◆ What this task involves ◆
Omitting all pictures, copy word for word the lines from the line containing "Press the start/stop" through the final line of the entries.

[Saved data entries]
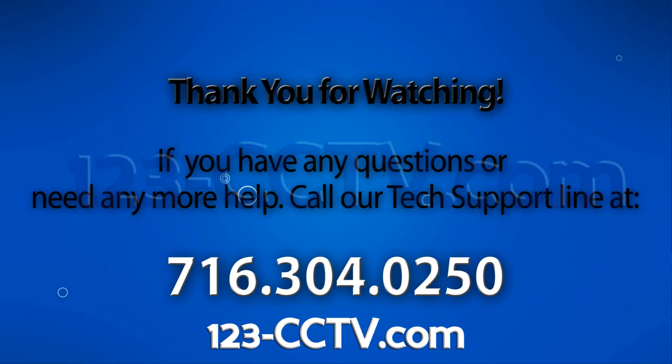If you enjoyed this video, be sure to hit that like button, and subscribe to our YouTube channel. Like us on Facebook. Thank you for watching.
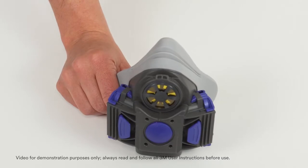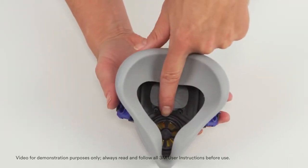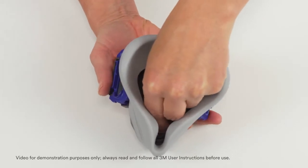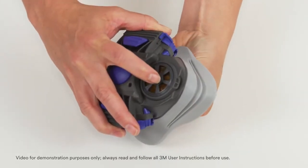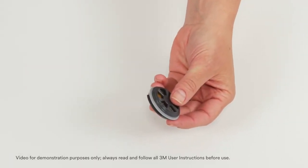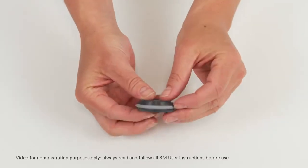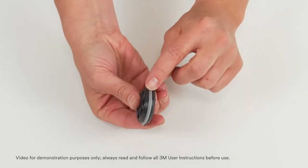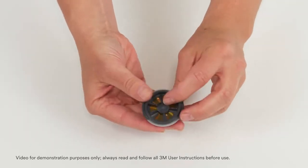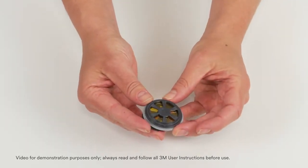To remove the speaking diaphragm for inspection, first turn the speaking diaphragm counterclockwise a quarter turn. Next, from the outside of the respirator, push the speaking diaphragm inward to remove. Inspect the speaking diaphragm seal for any damage, inspect the plastic components for any damage, and inspect the diaphragm film material to ensure it is intact, looking for tears or holes in the film.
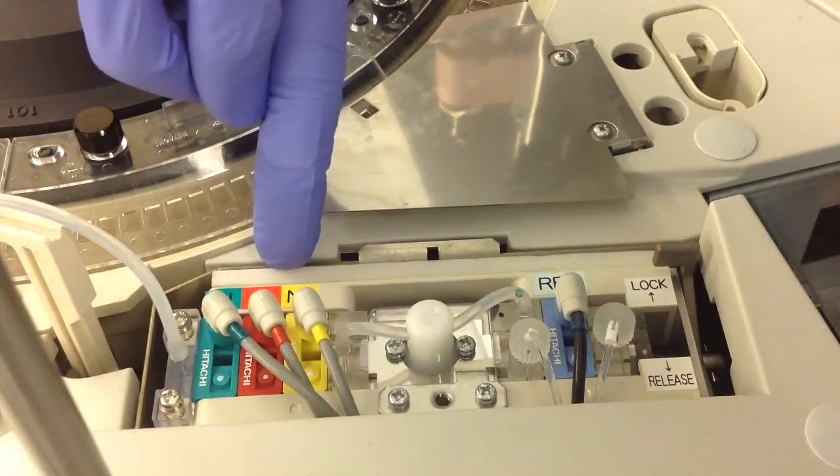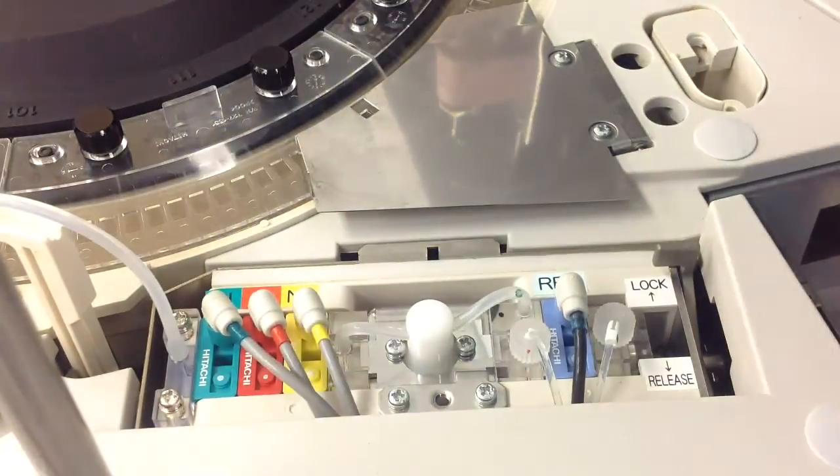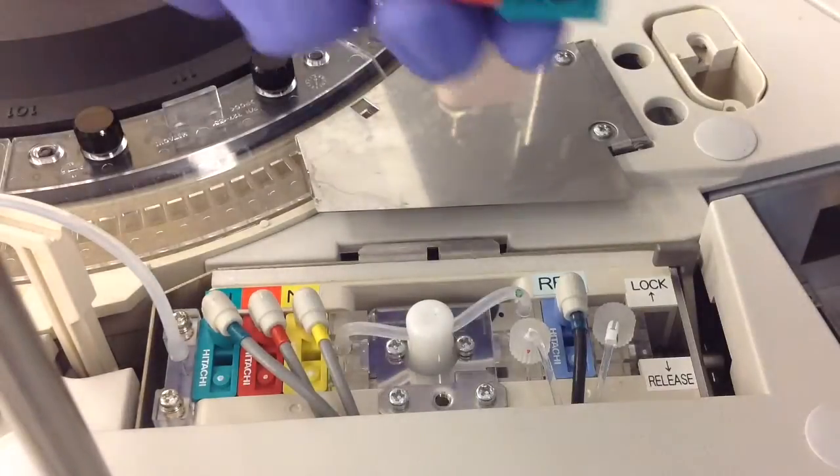Today we're just going to be changing the measuring cartridges, which is done every two months. The reference cartridge is actually done every six months.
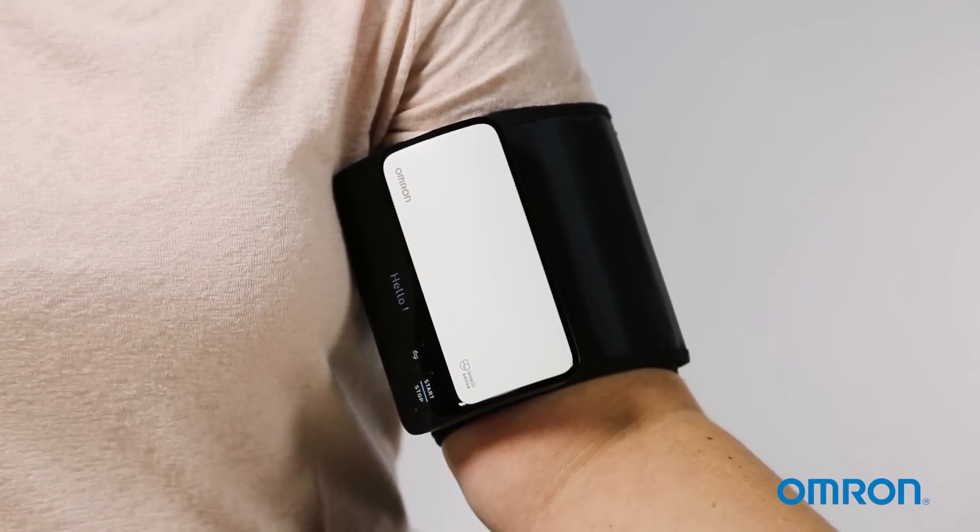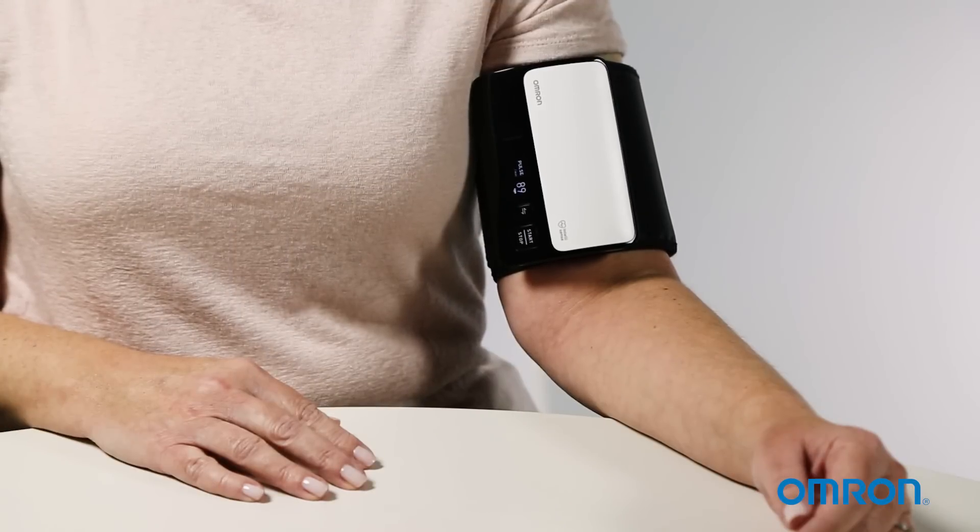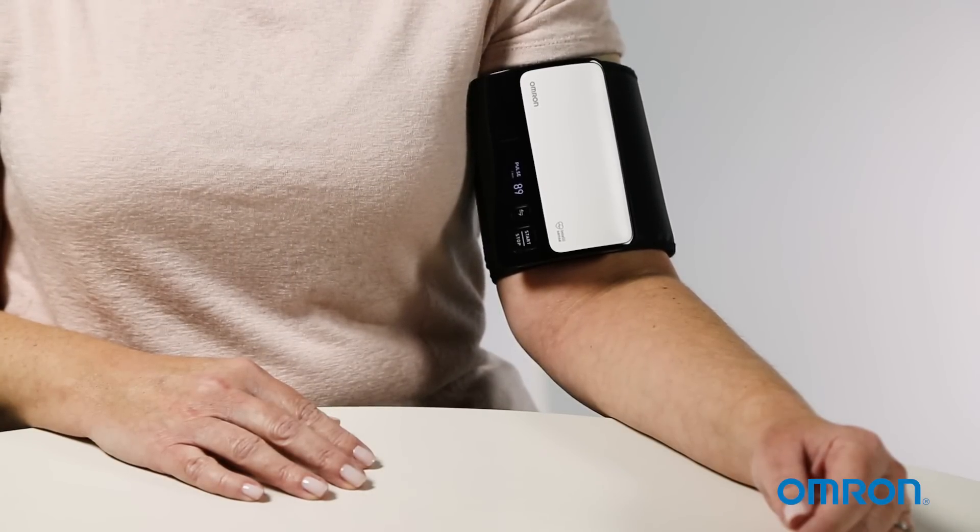Press the start/stop button to start taking your measurement. Remain still until the cuff automatically deflates and your readings appear on the monitor screen.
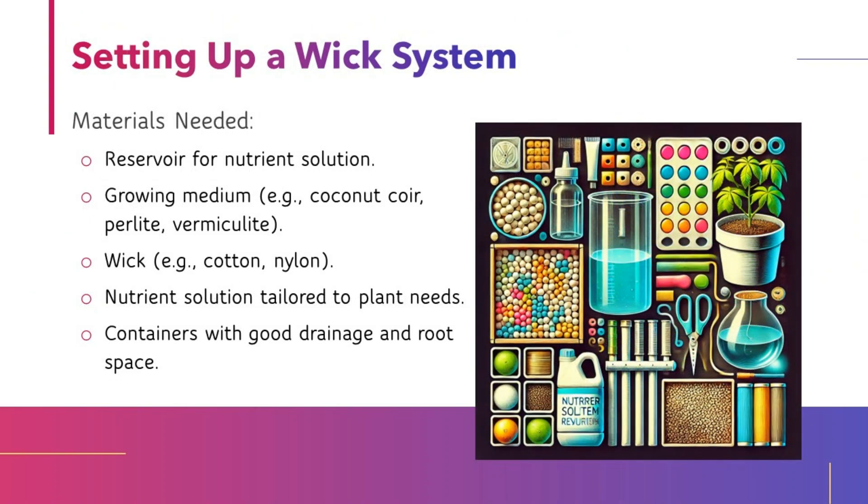Setting up a WIC System. Materials needed: a reservoir for nutrient solution; a growing medium such as coconut coir, perlite, or vermiculite; a wick made from cotton or nylon; and a nutrient solution tailored to plant needs.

◆ Your solution ◆
Press the start/stop button to start taking your measurement. Remain still until the cuff automatically deflates and your readings appear on the monitor screen.
Setting up a WIC System. Materials needed: a reservoir for nutrient solution; a growing medium such as coconut coir, perlite, or vermiculite; a wick made from cotton or nylon; and a nutrient solution tailored to plant needs.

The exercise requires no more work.